C'est la huitième édition des Doctoriales, elles auront lieu de lundi à mercredi prochains dès 9h en amphi A3. (sur la photo, Oihana Latchere, Eric Conte, Alban Gabillon, Heitiare Tribondeau, KamakeaBalderanis et Xavier Talarmain
C'est la huitième édition des Doctoriales, elles auront lieu de lundi à mercredi prochains dès 9h en amphi A3. (sur la photo, Oihana Latchere, Eric Conte, Alban Gabillon, Heitiare Tribondeau, KamakeaBalderanis et Xavier Talarmain
PAPEETE, le 4 mai 2016 - La semaine prochaine, de lundi à mercredi, l'Université de la Polynésie française va vibrer au rythme des Doctoriales. 38 thésards vont présenter, de façon vulgarisée, leurs recherches au grand public. Tous les domaines sont concernés, biologie, mathématiques, physique, sociologie, droit, archéologie, anthropologie, économie, science politique… Rendez-vous dès le lundi 9 mai à 8h30 à l'Amphi A3.

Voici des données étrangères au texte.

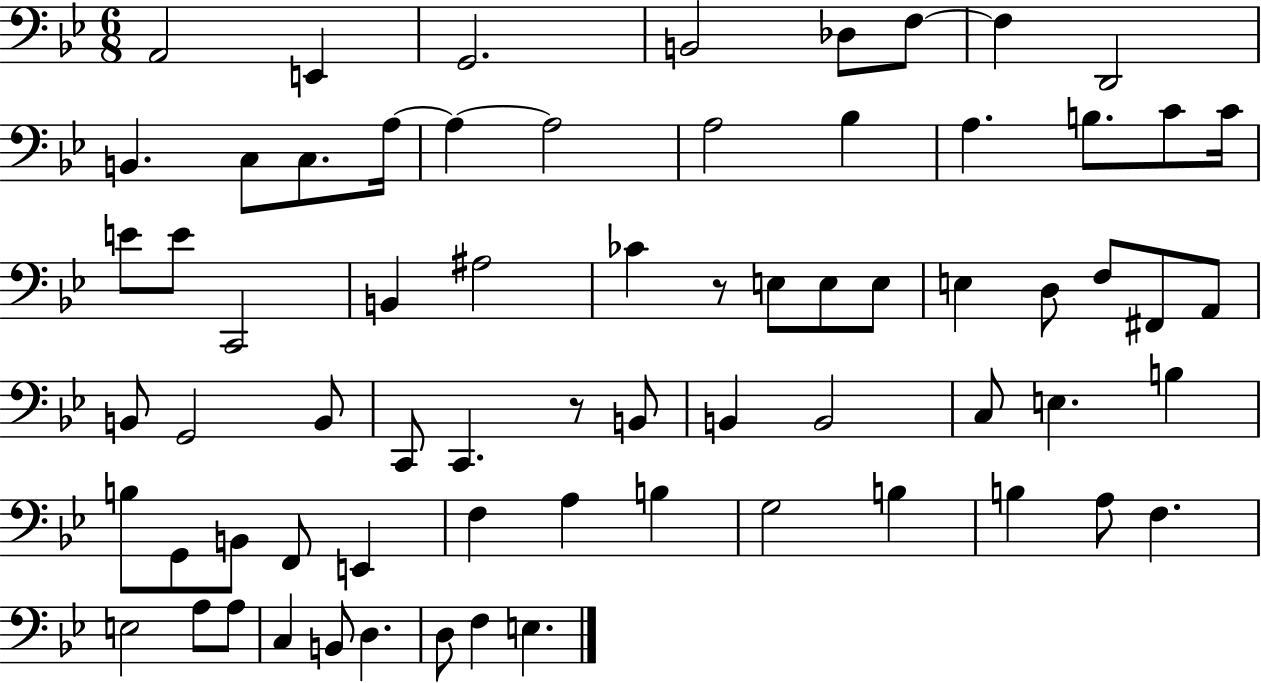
{
  \clef bass
  \numericTimeSignature
  \time 6/8
  \key bes \major
  \repeat volta 2 { a,2 e,4 | g,2. | b,2 des8 f8~~ | f4 d,2 | \break b,4. c8 c8. a16~~ | a4~~ a2 | a2 bes4 | a4. b8. c'8 c'16 | \break e'8 e'8 c,2 | b,4 ais2 | ces'4 r8 e8 e8 e8 | e4 d8 f8 fis,8 a,8 | \break b,8 g,2 b,8 | c,8 c,4. r8 b,8 | b,4 b,2 | c8 e4. b4 | \break b8 g,8 b,8 f,8 e,4 | f4 a4 b4 | g2 b4 | b4 a8 f4. | \break e2 a8 a8 | c4 b,8 d4. | d8 f4 e4. | } \bar "|."
}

Cette année, l'Université de la Polynésie française (UPF) organise la huitième édition de ses Doctoriales, un rendez-vous désormais incontournable de la vie académique en Polynésie. Pendant trois jours, les doctorants vont présenter leurs travaux au grand public, avec pour consigne d'être aussi pédagogique que possible afin de mettre leurs recherches de pointe à notre portée. "On demande aux étudiants de vulgariser, mais c'est vrai que, parfois, même le jury ne comprend pas toutes présentations, ça dépend du sujet et de la qualité de l'orateur. Mais tout le monde devrait pouvoir en tirer une bonne idée de ce qu'il se passe à l'Université" explique Éric Conte, président de l'UPF.

Au programme, 38 doctorants, dont deux venus de l'Université de Nouvelle-Calédonie, qui aborderont une vaste variété de sujets. Par exemple la première présentation est intitulée "Influence de paramètres environnementaux sur les processus de minéralisation des perles de culture produites par l’huître perlière Pinctada margaritifera" (voir interview), alors que la dernière portera sur "Traditions Ma’ohi (autochtones) et culture catholique aux îles de la Société de Polynésie". Entre temps, on nous aura parlé développement économique, droit de l'environnement ou droit constitutionnel, énergies renouvelables, éco-construction, formation des tourbillons aux Marquises, management du Tahiti Mahana Beach, de la souveraineté dans le Pacifique sud…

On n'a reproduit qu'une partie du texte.